I do not have any experience with that saw. However for my first scrollsaw I purchased a simular one, Poter Cable. I kept that one for about a year and a half. It worked fine and I have no real problems. I did upgrade to a DeWalt for the type of work I try to do. Accept the tool for what it is and use it for everything you can find. The are great for cuts that other tools can not make. I now have an old General Machine (I think) on my bench top that my neighbor gave me. Works great for a quick cut off or just one or two cuts.

Happy Scrollin'


----------



## NormG

I bought one (Delta) in 2005, it is on the stand and still has the plastic wrap on it. I had a back injury right after I purchased it and never got around to using it for what I had made the purchase for I will get around to using it someday


----------



## DocSavage45

Just purchased this saw on sale.

Looked at Porter cable which I love their tools but I didn't like the table. This little saw has all the bells and whistles but there are short comings. The saw is cast Iron in the places where needed. the table finish is rough, but usable. It is cast iron as well. The heaviness of this little saw appears to reduce vibration.

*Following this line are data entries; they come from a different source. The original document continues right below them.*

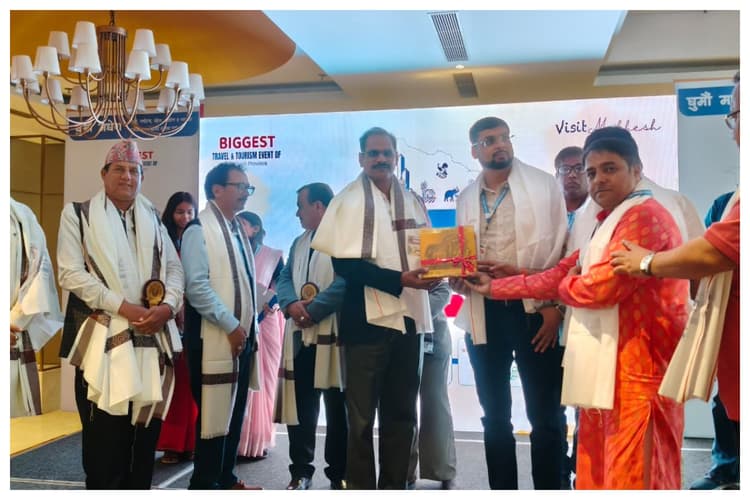 मधेश पर्यटन मार्ट 2026 का आगाज, भारत-नेपाल पर्यटन सहयोग को मिलेगा नया आयाम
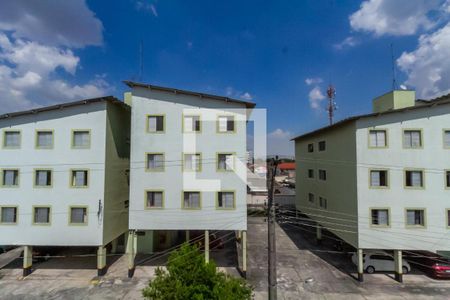 Vista do Quarto 2 de apartamento para alugar com 2 quartos, 66m² em Rudge Ramos, São Bernardo do Campo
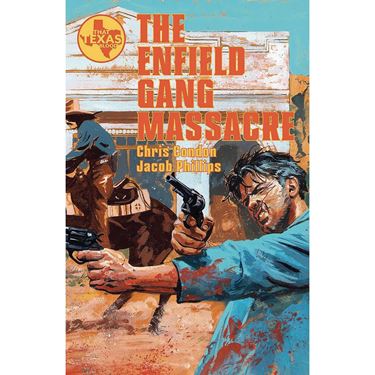 תמונה של THE ENFIELD GANG MASSACRE TP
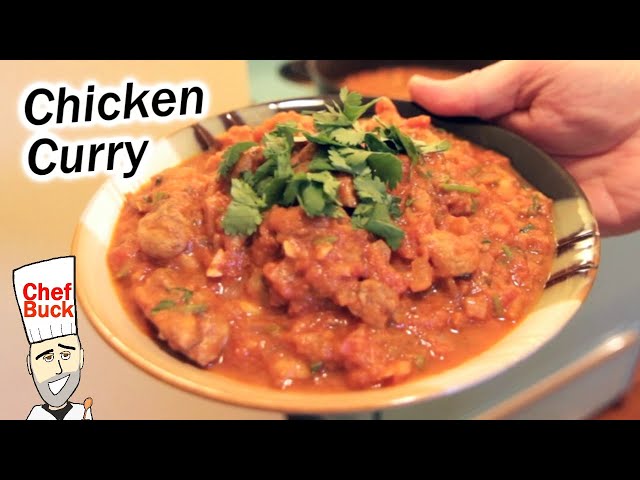 Best Chicken Curry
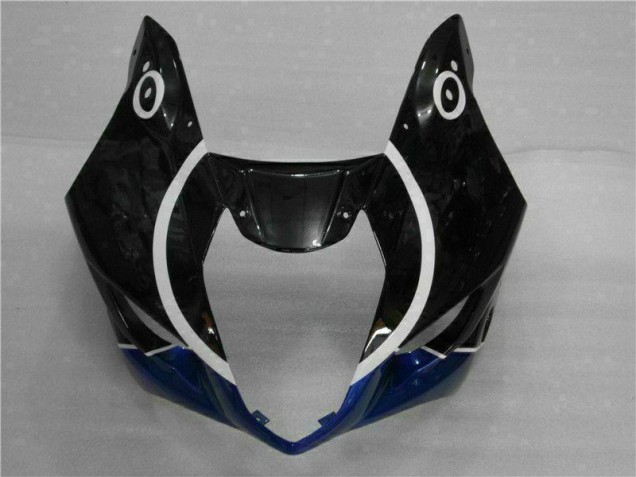 Azul Negro Carenado Completo Suzuki GSXR 1000 K3 2003-2004 Azul Negro Carenado Completo Suzuki GSXR 1000 K3 2003-2004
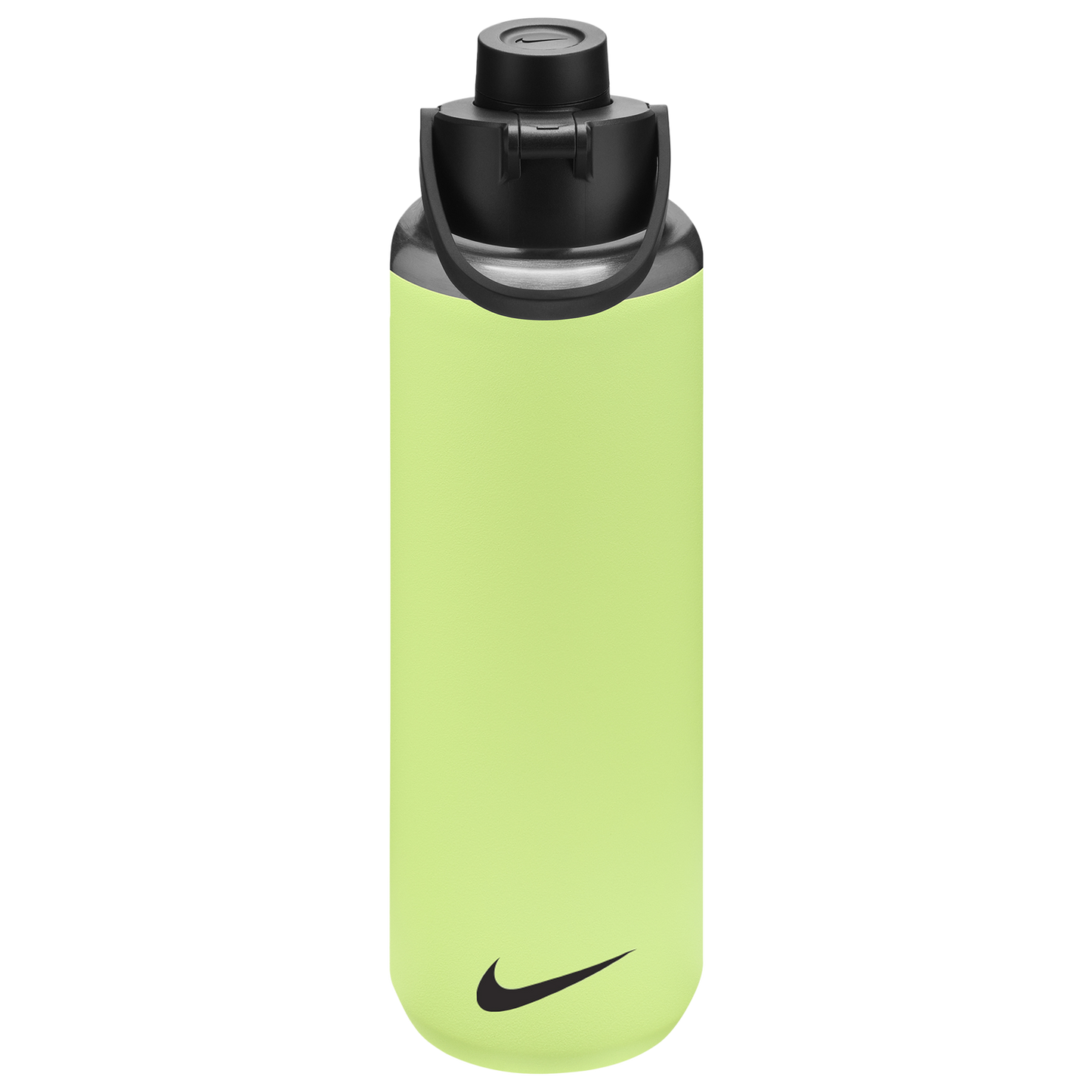 Nike SS Recharge Chug Bottle 32 OZ - Men's - Black/Black/Ghost Green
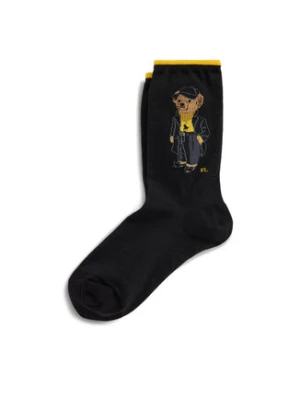 Polo Ralph Lauren Skarpety długie 455982951001 Czarny
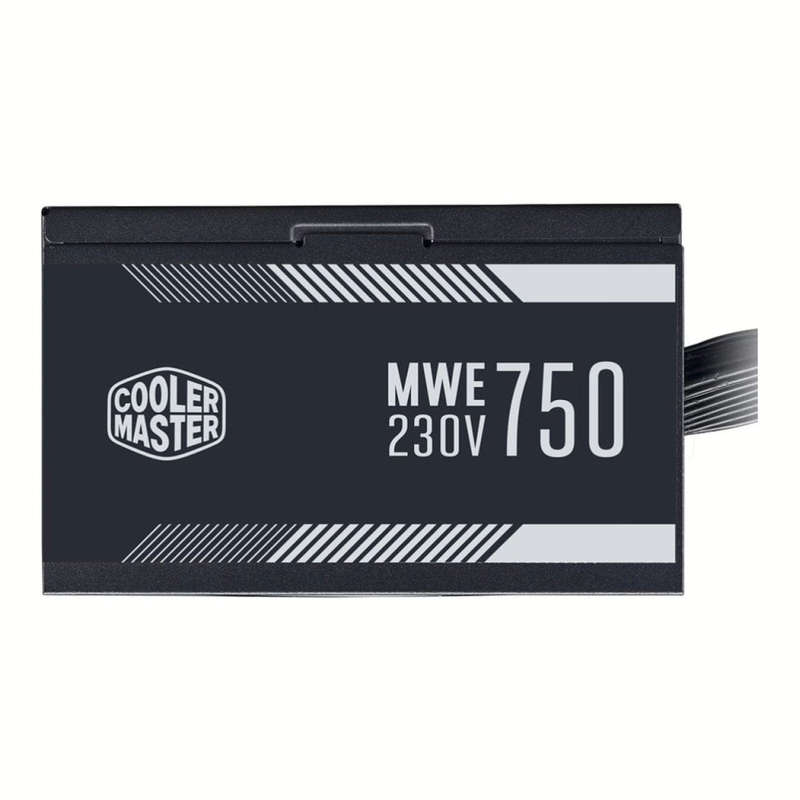 Cooler Master MWE 750 750W 80 Plus Bronze Non-Modular Power Supply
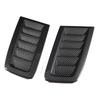 Auto Car ABS Bonnet Air Vent Modified Accessory Fits for Ford Focus RS MK2Hydrographics Transfer Printing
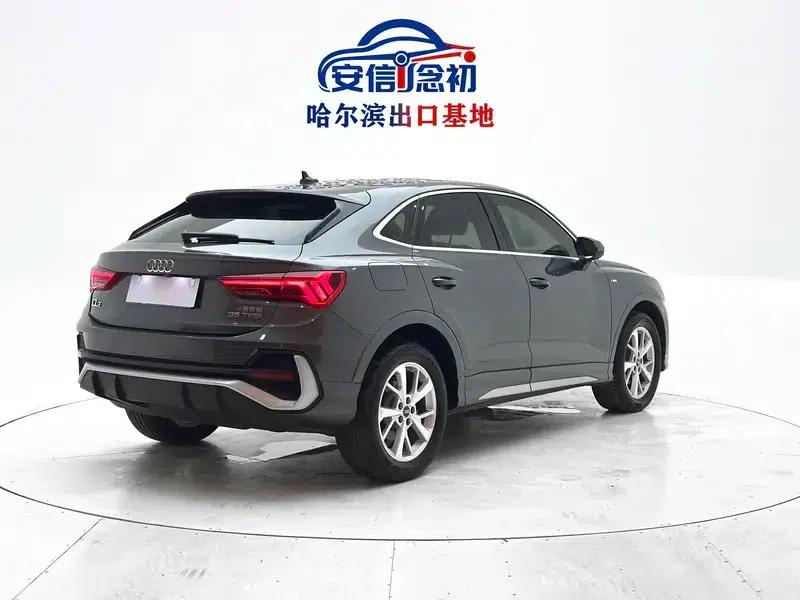Audi Q3 Sportback 2023 35 TFSI Progressive — миниатюра 7
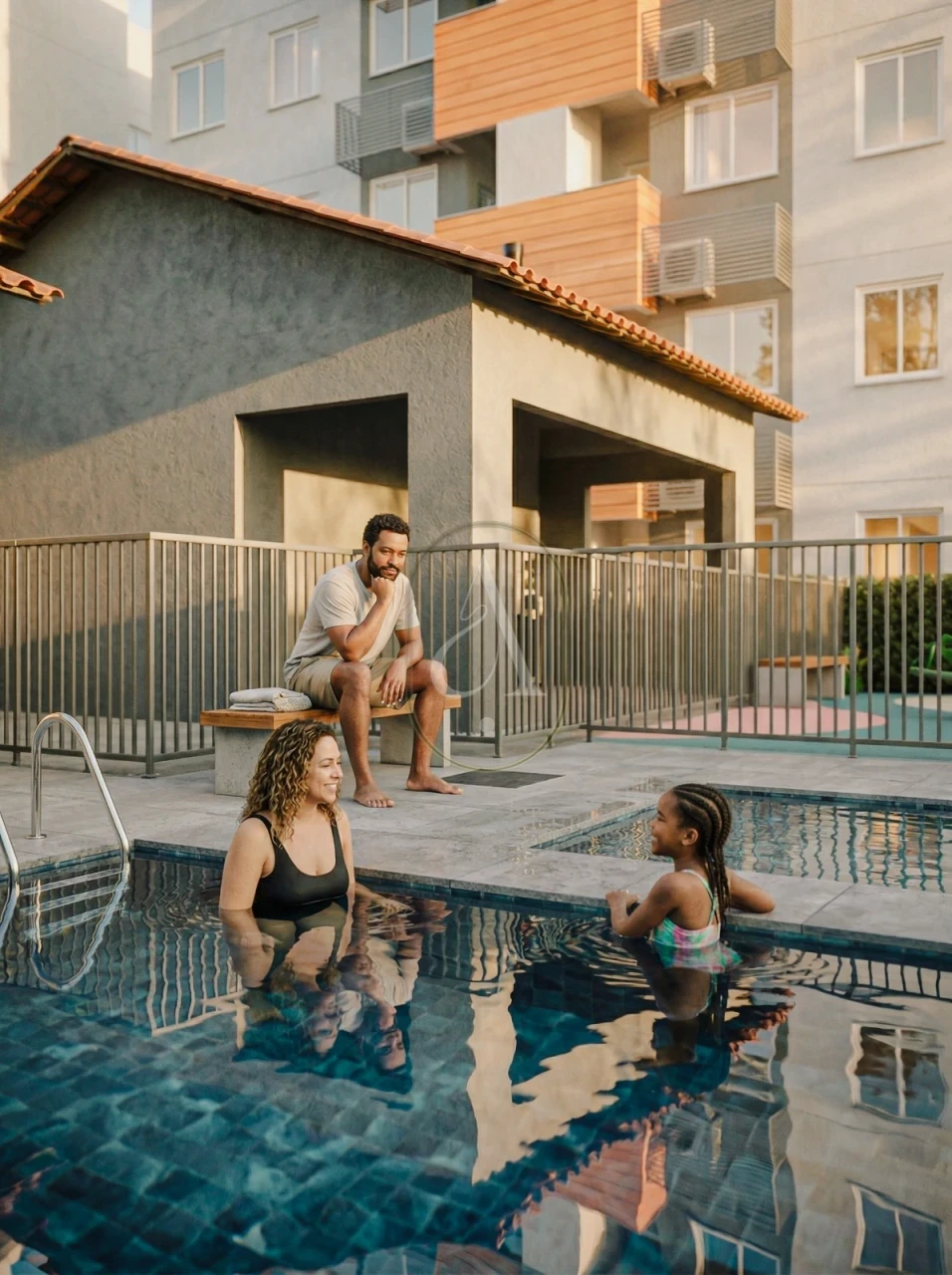 Imagens do imóveis Residencial Paulista I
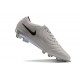 Women/Men Nike Tiempo Legend 10 Elite FG Grey Gold Football Boots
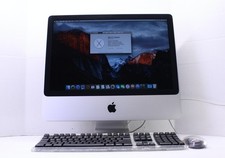 iMac 20" principios de 2008 2,66 GHz Core2 Duo 500 GB HDD 4 GB RAM A1224 segunda mano  Embacar hacia Mexico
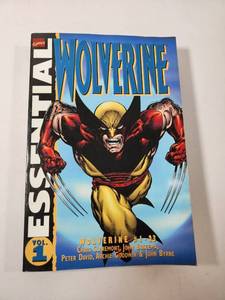 lot 236 image: Essential Wolverine Volume 1 Marvel Comics Trade Paperback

I have recently rehabbed an old Delta 18 inch40-650 C arm saw. Had to wait months for the parts. Probably should have purchased the craftsman 6 months ago. I'd be farther along in my cutting skills. I've added a dead man switch for efficiency and I had a flex arm desk lamp that adds additional lighting.

I am also using it to compare with my rehabbed Delta and figure out my cutting skills. Now there's a problem I can't repair. LOL!


----------